Воровство было всегда и всюду, но не в таких же масштабах! И что удручает более всего, так это реакция, внутренняя реакция многих наших соплеменников на воровской разбой, на обкрадывание их же самих. Костеря знаменитых, высокопоставленных воров, подлинных героев массмедиа, мы вполне искренни в своем негодовании, но как же нередко в откровенной беседе за чарочкой-другой «веселящей воды» прорвется вдруг подлинная причина этого негодования — зависть! Да-да, именно зависть к большим ворам, так удачливо и ловко отхватившим очередной куш. И — злость, злость оттого, что не ты был на их месте. «Вот повезло, вот ведь гады!» — читается порою в подтексте не то ненависти, не то восхищения очередным громким «делом». Помилуйте, родные,  да какая тогда польза от всех этих разоблачений?
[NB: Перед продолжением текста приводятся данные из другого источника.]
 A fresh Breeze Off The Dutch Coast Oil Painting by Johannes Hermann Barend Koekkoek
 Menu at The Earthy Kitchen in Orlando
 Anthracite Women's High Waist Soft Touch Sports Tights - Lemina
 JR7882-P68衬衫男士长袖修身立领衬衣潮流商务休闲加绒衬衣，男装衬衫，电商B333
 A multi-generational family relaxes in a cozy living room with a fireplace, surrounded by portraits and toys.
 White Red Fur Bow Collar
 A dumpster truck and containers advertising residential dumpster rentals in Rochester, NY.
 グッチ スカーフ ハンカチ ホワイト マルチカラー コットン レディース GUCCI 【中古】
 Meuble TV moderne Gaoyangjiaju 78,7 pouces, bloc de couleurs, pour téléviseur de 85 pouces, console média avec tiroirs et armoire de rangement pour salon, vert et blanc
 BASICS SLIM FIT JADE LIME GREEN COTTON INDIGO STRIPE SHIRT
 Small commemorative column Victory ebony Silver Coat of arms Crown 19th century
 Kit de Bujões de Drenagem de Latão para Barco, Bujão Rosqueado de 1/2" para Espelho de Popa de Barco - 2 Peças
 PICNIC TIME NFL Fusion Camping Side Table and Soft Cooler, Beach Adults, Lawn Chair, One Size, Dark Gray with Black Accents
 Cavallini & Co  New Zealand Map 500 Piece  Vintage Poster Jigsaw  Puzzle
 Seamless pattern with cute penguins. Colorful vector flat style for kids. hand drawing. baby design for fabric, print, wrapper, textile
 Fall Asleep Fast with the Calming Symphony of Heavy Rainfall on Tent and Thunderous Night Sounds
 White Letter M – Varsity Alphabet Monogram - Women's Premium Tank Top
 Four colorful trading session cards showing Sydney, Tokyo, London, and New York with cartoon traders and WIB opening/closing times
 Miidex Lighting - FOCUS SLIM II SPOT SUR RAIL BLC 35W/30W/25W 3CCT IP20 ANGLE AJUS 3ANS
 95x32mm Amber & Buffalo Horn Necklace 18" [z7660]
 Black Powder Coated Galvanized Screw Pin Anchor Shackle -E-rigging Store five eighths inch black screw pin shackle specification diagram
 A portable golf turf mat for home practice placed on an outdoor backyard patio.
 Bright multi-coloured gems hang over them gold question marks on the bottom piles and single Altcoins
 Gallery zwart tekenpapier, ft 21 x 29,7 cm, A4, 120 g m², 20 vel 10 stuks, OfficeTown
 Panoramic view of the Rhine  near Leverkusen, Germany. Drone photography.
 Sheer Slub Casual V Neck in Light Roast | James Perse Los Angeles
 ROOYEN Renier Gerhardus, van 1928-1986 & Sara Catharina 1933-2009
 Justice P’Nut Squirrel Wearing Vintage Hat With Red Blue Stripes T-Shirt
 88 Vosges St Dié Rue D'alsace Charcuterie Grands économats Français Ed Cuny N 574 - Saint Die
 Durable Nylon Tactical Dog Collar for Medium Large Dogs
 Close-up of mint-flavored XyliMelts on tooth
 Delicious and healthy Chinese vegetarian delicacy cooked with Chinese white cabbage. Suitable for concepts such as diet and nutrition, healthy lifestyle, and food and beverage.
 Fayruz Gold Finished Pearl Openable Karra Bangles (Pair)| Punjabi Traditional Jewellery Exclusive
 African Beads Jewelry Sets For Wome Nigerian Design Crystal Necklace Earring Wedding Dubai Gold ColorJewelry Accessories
Ну, посадят Вора, ну, придет на его место воришка и тоже со временем станет Вором — какая стране-то польза от этой перетряски? И зачем она, если в глубине души очень многие сами воришки и завистники, только лишенные власти и возможности осуществить хищь, а если посмотреть в корень — безбожники. Ибо от безбожия все нелады, никак не наоборот. А безбожие ведет к бунту — «бессмысленному и беспощадному». Причем намерения бунтовщиков идут в таких случаях по самому большому счету, по высокому сценарию — как в 1917 году — против Бога, затеявшего этот «несправедливый мир» и не желающего его «исправить». Куда падут каменья бунта — об этом предельно точно сказано у Крылова, глубоко осознавшего первопричину всех несчастий — гордыню и безбожие. И покуда они стервенеют в душах, куда как нелишне почаще вспоминать уже полумифический образ смиренного ленивца — не то Обломова, не то самого баснописца, если нет в действительности образа по-настоящему сильного, честного, энергичного человека, способного объединить народ и повести за собой. Нет, не пресловутого Штольца, а — Пушкина. То есть истинно русского человека в его провиденциальном развитии.


Иван Крылов


Безбожники

Был в древности народ, к стыду земных племен,
Который до того в сердцах ожесточился,
Что противу богов вооружился.
Мятежные толпы, за тысячью знамен,
Кто с луком, кто с пращой, шумя, несутся в поле.
Зачинщики из удалых голов,
Чтобы поджечь в народе буйства боле,
Кричат, что суд небес и строг, и бестолков;
Что боги или спят, иль правят безрассудно;
Что проучить пора их без чинов;
Что, впрочем, с ближних гор каменьями нетрудно
На небо дошвырнуть в богов
И заметать Олимп стрелами.
Смутяся дерзостью безумцев и хулами,
К Зевесу весь Олимп с мольбою приступил,
Чтобы беду он отвратил;
И даже весь совет богов тех мыслей был,
Что, к убеждению бунтующих, не худо
Явить хоть небольшое чудо:
Или потоп, иль с трусом гром,
Или хоть каменным ударить в них дождем.
«Пождем, — Юпитер рек, — а если не смирятся
И в буйстве прекоснят, бессмертных не боясь,
Они от дел своих казнятся».
Тут с шумом в воздухе взвилась
Тьма камней, туча стрел от войск богомятежных,
Но с тысячью смертей, и злых, и неизбежных,
На собственные их обрушились главы.

Плоды неверия ужасны таковы;
И ведайте, народы, вы,
Что мнимых мудрецов кощунства толки смелы,
Чем против божества вооружают вас,
Погибельный ваш приближают час
И обратятся все в громовые вам стрелы.